In brief — The osteocyte connectome is the bone’s cellular communication network: osteocytes talk to each other through cytoplasmic extensions running inside canaliculi, coordinating remodeling and mechanical adaptation. It is essential for implant osseointegration — and recent work shows it can be disrupted by ageing, disease, and even hijacked by bacteria.

Sintesi (IT) — Il connettoma osteocitario è la rete di comunicazione cellulare dell’osso: gli osteociti dialogano attraverso prolungamenti citoplasmatici, coordinando rimodellamento e adattamento meccanico. È essenziale per l’osteointegrazione degli impianti, e può essere alterato da invecchiamento, malattia e infezioni.

The term connectome usually refers to the map of neural connections in the brain. Here, it describes the structural and functional connections between bone cells.

The paper titled Towards a Connectomic Description of the Osteocyte Lacunocanalicular Network in Bone examines the osteocyte network, focusing on the structure and function of the lacunocanalicular network (LCN) across various bone tissues. Osteocytes, the most abundant bone cells, form a complex network within bone tissue that is essential for skeletal health and mechanobiological adaptation. The detailed structure of this network — its connectome — had been studied far less, until recent advances in three-dimensional imaging.

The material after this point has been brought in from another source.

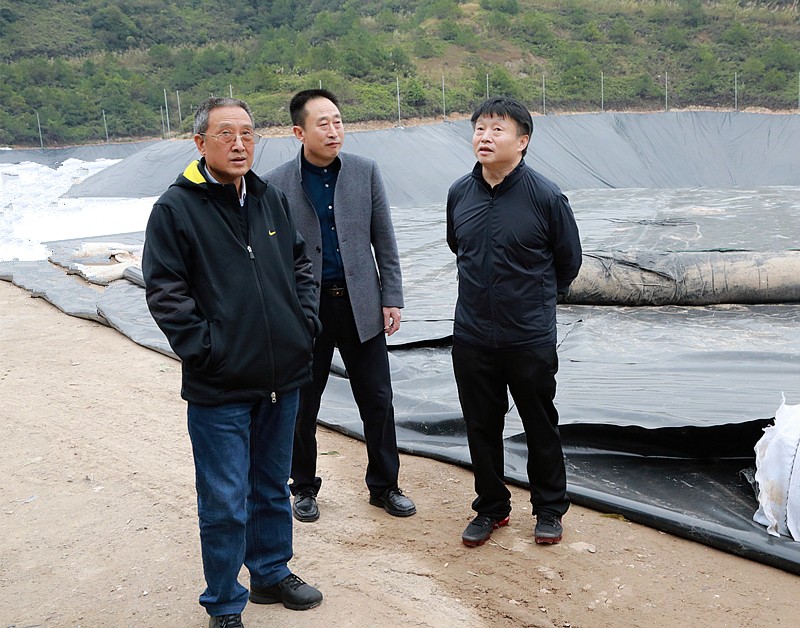 熊良虎在广西考察调研固废处置工作时指出:抢抓机遇,加快优势产业“走出去” 熊良虎在广西考察调研固废处置工作时指出:抢抓机遇,加快优势产业“走出去”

Osteocytes sit inside bony lacunae, and their cytoplasmic extensions run through the corresponding canaliculi. It is obvious that osteocytes contact one another through these extensions. Yet the canalicular extracellular matrix is itself an integral part of the connectome and of the integrated osteocyte system.

Osteocytes are connected to one another. SEM micrograph showing the extensive lacuno-canalicular network (LCN). Canaliculi connect to the bone surface and to the marrow space (right side of the figure). CC BY-NC 3.0 DOI:10.3803/EnM.2010.25.3.161

Most of the osteocyte network’s functions can only be understood through the interaction between the intramembranous cellular network and the material inside the canalicular matrix.

Introduction and general observations on connectomics and network function

The paper introduces osteocytes and their network within compact bone tissue, highlighting their importance in cross-organ communication and bone remodeling.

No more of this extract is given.